Over the past few days we have been helping a client consolidate their servers onto one single system, to save on co-lo/hosting charges. New system acquired we began to migrate sites onto this single eight core Xeon / 12GiB server (Ubuntu Jaunty 64bit)
We performed an audit on the front side, to ensure that some sites were no-longer used. Spoke to staff, viewed various logs and grep’d source code. Certain we had everything we began to move sites. All the while watching logs to ensure that sites move properly and traffic tapers off then stops all together (on a 1h TTL in the DNS sometimes this can taper to next to like 2 hits/h in less than 2.5h)
After moving we continue to tail log files on the deprecated servers, to catch any last/missed resources. After all other traffic had stopped for over five hours only one remained: Twicler.

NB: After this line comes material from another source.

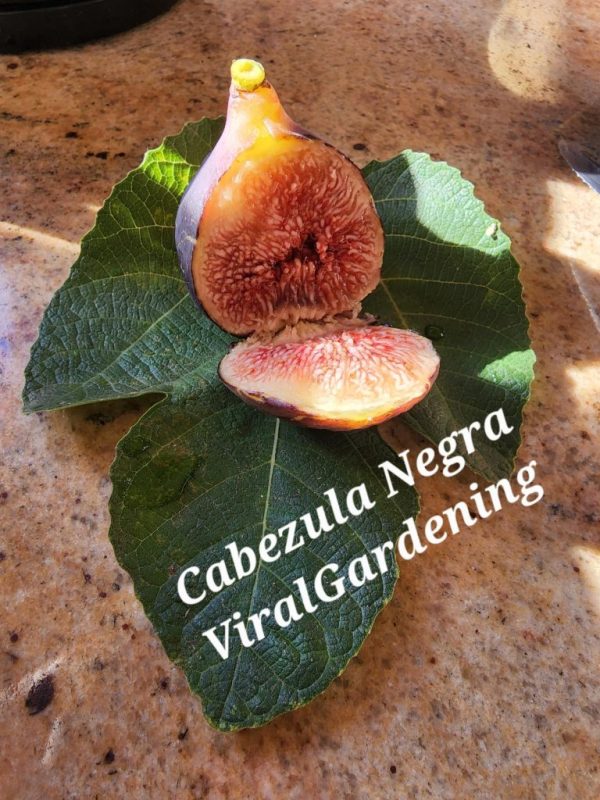 小果迷-种植爱好者交流互动平台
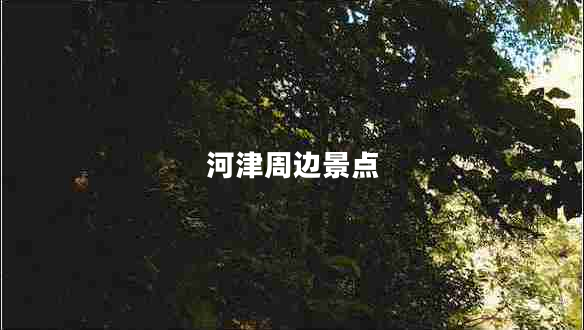 河津周邊景點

All the requests were typical HTTP/1.1 robot style requests, just to a very old IP.
Speculation: Cuil may have internal caching DNS servers that hold IP information for well beyond the TTL from the authoritative NS.
Wild Speculation: We’ve head that the Twicler (Cuil robot), like other search robots, makes multiple passes on a site. So then it would appear that with the first pass it is caching the site’s IP address and using that for subsequent passes. I wonder then what impact moving a site’s IP has for the Cuil algo.